The reason the message of the stock market has been made to sound so optimistic is that Wall Street and the politicians who pass laws supporting Wall Street understand that to make the stock market more liquid, it needs a lot of money and large numbers of people participating in the trading. For them, that means that they need to cater to and enlist the middle and lower classes. Thus, the stock market has been made out to be the savior of people and the safety nest for retirement. For most people it is neither, and for quite a few it is the exact opposite. The market’s overall message is quite misguiding.
One of the biggest areas where people tend to be mislead is risk and how much of it there is. Once you opt in to invest in a stock, your money is at 100% risk at any given moment. In a world of wars, accidents, natural disasters, explosions, terrorism, diseases, pollution, fierce competition, destruction, and fraudulent CEO’s, no company is safe from complete collapse at any time. Even “good” companies carry this risk, as at one time British Petroleum (BP) was considered a great oil company and had actually been a good investment for decades.

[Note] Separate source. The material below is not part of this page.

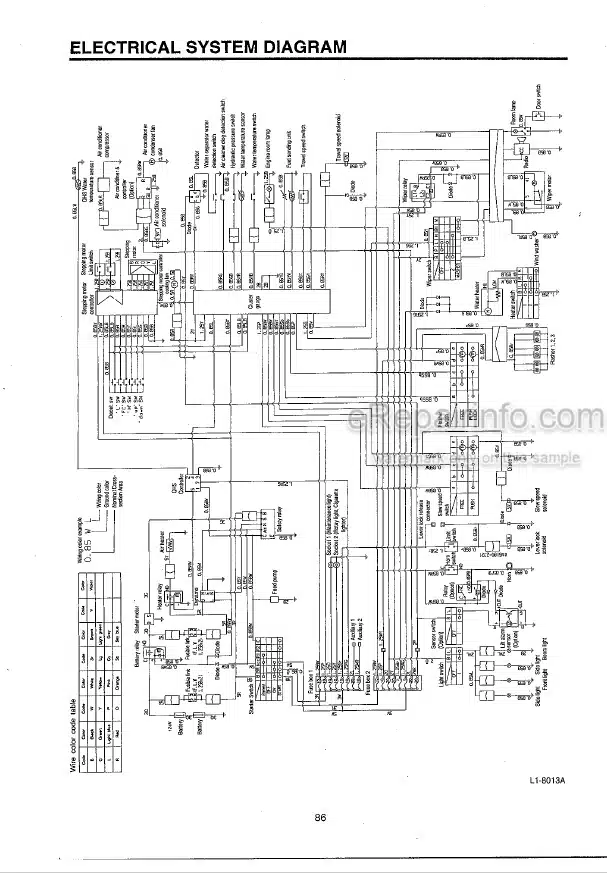 Photo 4 - Takeuchi TB070 Operators Manual Compact Excavator 1703004-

Even if a company does not completely implode and collapse, people can still lose a large portion of their investment from the company’s poor performance or market ups and downs.
Another unmentioned reality of the stock market is that in the end, it is a zero sum game. That means for someone to win, someone else has to lose. Typically Wall Street and insiders win first and the leftovers go to middle class retail investors.
Over the last decade there have been a few major stock market crashes. There was the Internet bubble and the housing bubble implosion. In the end, most people who made money during the good times simply lost it when the markets crashed.
While the stock market has lots of promise, it also has quite a bit of deceit and dishonest maneuvering. There is no free lunch out there and I hope small investors like myself proceed with great caution.